New York Times writer, Megan Woods, reported on the topic of women changing names. "Hanging on to your ex's last name can daily conjure an unhappy past, while going back to a maiden name you've outgrown can be difficult to imagine. Divorce can be an opportunity to create an entirely different surname that speaks to the woman you have become." Megan L. Wood, When The New You Carries A Fresh Identity, Too. New York Times, February 15, 2013.
Like many women following tradition, I took my husband's last name. In a less than perfect divorce, after a less than perfect marriage, I tired to change my name back to my maiden name. The attorney botched the papers and I remained in that awkward last name zone, carrying my ex's last name for for fifteen years until I remarried. Although my last name is now legally my new husband's last name, I continue to use my maiden name in business. Not because I do not like my new last name, but because between marriages I built a very successful business that bears "Wolfe" as part of the brand. To change it, did not make good business sense, and, my business has now become a large part of who I am. Not all of who I am, but a part that I did not want to entirely change with an "I do."
In Wood's article, best-selling author, Cheryl Strayed, offered the following reasons she chose to create a new last name post-divorce: ""Naming myself was symbolic in many ways. It signified to me how it was I had to take full responsibility for my life. I had to create my own happiness, to build my strength, to be the engine of my momentum. Choosing my own name struck me as both a positive act and a powerful one during the time when I felt uncertain and weak."

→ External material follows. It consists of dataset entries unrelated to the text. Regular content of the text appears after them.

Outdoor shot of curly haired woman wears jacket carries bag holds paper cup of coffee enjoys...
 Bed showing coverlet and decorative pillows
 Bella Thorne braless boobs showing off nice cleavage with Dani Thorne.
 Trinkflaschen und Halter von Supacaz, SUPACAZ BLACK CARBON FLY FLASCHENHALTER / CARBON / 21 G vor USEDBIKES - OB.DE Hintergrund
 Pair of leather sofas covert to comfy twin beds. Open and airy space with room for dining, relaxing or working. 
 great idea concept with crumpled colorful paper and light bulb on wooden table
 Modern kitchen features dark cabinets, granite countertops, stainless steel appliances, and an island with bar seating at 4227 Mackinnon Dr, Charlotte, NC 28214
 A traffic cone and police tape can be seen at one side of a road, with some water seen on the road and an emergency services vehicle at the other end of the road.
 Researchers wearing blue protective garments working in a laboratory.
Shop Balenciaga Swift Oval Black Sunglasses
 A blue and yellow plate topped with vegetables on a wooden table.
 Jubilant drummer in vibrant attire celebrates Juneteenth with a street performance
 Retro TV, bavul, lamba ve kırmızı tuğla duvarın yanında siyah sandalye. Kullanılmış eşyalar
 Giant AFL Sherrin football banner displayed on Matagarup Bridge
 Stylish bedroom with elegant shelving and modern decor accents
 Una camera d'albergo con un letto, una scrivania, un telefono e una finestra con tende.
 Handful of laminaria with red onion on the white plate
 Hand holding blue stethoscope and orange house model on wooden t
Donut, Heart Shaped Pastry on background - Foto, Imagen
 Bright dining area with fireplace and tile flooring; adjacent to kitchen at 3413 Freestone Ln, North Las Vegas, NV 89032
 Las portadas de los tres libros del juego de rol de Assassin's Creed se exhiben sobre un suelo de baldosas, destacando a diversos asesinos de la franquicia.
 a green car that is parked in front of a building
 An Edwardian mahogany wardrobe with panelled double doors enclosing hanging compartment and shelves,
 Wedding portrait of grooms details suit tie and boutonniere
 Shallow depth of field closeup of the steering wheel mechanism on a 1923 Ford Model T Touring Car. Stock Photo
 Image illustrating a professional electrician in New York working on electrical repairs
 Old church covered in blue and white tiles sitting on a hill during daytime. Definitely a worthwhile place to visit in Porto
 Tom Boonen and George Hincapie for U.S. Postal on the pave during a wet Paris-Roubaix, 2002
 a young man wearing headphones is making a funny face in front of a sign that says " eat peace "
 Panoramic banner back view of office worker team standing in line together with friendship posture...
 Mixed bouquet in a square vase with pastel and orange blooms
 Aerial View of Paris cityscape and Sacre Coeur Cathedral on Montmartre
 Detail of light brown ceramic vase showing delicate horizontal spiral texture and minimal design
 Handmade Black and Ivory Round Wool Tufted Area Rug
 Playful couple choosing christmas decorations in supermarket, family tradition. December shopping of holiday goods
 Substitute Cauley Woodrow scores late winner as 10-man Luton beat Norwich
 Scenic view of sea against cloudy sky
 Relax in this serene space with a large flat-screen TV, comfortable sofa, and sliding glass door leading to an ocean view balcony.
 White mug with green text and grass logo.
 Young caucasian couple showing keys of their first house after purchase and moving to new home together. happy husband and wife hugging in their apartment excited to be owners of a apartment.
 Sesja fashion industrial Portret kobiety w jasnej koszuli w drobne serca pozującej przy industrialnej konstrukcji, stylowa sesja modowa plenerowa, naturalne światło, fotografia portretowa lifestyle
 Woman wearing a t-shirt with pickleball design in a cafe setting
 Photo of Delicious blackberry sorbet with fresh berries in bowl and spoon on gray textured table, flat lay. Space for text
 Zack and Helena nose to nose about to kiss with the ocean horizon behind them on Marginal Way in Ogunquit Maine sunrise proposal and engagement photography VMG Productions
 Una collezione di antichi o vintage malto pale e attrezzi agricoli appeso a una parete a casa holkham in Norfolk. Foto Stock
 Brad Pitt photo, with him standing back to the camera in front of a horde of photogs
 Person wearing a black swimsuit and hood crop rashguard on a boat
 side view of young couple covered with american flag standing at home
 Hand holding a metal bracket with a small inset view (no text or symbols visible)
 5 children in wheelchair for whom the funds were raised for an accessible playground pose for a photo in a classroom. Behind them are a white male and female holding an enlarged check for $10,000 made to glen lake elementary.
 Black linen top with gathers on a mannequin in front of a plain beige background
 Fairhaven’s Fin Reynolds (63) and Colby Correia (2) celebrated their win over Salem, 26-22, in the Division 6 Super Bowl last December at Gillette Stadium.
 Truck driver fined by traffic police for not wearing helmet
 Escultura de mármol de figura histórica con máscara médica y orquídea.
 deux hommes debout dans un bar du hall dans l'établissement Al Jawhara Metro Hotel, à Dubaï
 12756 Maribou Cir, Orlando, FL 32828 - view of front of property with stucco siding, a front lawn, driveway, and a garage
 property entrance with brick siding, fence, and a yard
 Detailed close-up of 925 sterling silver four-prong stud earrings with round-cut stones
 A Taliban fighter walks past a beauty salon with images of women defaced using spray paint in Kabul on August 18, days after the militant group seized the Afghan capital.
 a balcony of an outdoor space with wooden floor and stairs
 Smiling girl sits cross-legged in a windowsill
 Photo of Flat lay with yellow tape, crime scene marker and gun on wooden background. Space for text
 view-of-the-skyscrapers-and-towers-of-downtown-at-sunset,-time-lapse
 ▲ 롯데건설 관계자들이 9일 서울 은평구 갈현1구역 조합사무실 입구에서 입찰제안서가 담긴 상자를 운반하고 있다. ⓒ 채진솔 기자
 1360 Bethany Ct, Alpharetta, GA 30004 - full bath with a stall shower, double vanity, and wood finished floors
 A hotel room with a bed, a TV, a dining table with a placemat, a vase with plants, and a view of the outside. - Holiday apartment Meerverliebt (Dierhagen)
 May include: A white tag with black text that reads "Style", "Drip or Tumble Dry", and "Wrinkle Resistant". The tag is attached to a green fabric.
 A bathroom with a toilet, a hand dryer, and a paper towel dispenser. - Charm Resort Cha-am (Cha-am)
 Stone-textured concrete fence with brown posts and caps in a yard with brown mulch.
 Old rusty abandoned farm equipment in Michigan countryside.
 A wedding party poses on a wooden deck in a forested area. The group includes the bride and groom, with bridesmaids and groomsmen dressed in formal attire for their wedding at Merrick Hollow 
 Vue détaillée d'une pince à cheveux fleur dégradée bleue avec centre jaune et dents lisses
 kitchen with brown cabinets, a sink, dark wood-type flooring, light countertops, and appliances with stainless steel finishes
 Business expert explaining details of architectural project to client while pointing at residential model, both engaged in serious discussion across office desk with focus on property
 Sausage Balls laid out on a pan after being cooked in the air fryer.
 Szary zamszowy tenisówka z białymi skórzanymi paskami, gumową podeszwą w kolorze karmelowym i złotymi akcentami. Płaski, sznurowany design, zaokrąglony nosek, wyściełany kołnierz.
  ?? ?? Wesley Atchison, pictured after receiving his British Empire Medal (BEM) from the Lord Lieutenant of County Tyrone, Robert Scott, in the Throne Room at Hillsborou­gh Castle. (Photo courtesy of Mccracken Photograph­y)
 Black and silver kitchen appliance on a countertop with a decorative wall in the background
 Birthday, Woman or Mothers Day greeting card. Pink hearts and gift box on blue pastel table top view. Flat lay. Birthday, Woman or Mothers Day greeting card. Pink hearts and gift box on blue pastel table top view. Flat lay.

I felt many things after my divorce, but weak was not one of those things. I felt empowered, finally able to explore and embrace new and wonderful things in life that were always just barely out of my reach while in a difficult marriage. Now, happily remarried, my business brand remains separate from my marriage brand. But somehow that seems perfect for how I identify with myself these days. I am not "just" a wife, nor "just" a business woman. A name no longer defines me, or my purpose in life. My values and choices in life better define me.
Perhaps, it is not the last name you go by, but the name you make for yourself in life that matters most. And, by that, I am not talking surnames, but the other names people use when referring to you. Adjectives that describe you; that become earned nicknames matter more - words like good wife/mother/person, honest, hardworking, kind, loving, giving -- even "happy" are names that don't appear on your driver's license, but are the words that people will most likely remember you by.